It may not take a Rhodes Scholar to recall those two tasks, but being a Rhodes Scholar certainly doesn't hurt. When we last left Rolle in November 2008, he had just celebrated two victories. He had beaten out some of the nation's best and brightest for one of the world's most prestigious academic awards during the day in Mountain Brook, Ala., and then he had jetted to College Park, Md., to help the Seminoles beat the Terps.

In the 14 months since, Rolle has studied for a master's in anthropology at England's Oxford University. While he lived the academic's dream, Rolle continued to prepare to make his jock dream come true. This week he's in pads again for the first time since the 2008 Champs Sports Bowl as he prepares for the Senior Bowl. Rolle hopes NFL teams will see this week that a year spent immersed in academia has not dulled his competitive edge. In practices and in interviews, NFL coaches have quizzed Rolle about his desire.

"They're looking for my commitment to football," Rolle said. "All of them have asked if football is something that I really want to do. That's pretty much the primary question I've received.

"My response is: I love football. I've been playing since I was 6. It's a part of who I am. It's not out of my system. And I want to be a great player."

Teams also are curious about Rolle's schedule. He still must write a 10,000-word thesis and sit for exams in June. They also probably have asked about his production at Florida State. Though he was one of the Seminoles' top tacklers in all three seasons in Tallahassee, Rolle intercepted just one pass.

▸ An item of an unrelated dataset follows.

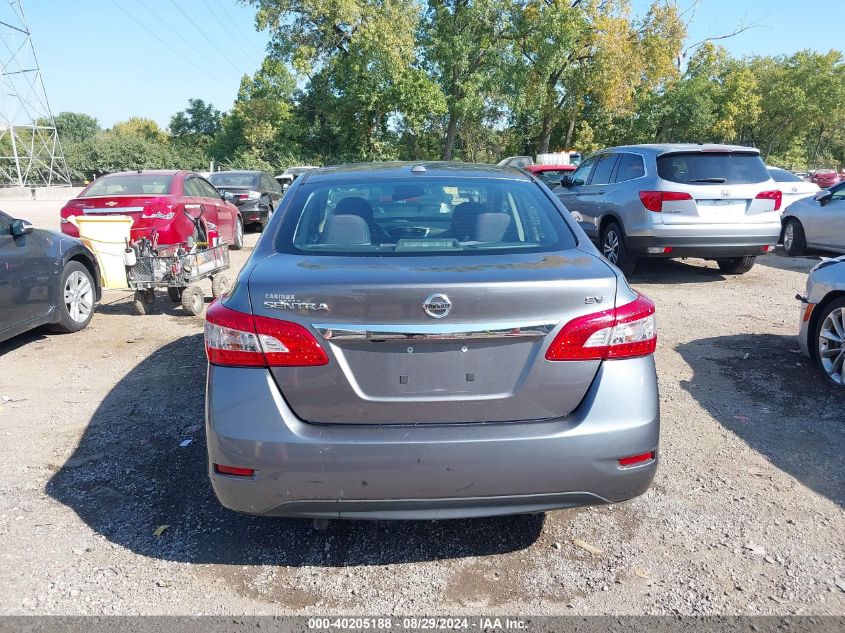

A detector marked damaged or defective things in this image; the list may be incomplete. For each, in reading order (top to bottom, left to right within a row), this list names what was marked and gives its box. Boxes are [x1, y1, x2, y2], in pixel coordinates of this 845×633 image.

damaged red vehicle [58, 172, 244, 251]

He looks forward to proving during the next few months that he can multitask on the field as well as he does in the classroom.

"Personally, I'd like to show that I could be a versatile safety, one that could cover man-to-man, one that could cover deep," Rolle said. "Sometimes, my responsibilities at Florida State limited me to one certain coverage or one certain responsibility. Here at the Senior Bowl, we're having opportunities to cover deep third. We're having opportunities to come down by the box and play in run support as well as play in curl/flat and cover three. I'm having an opportunity to show the breadth of my skills."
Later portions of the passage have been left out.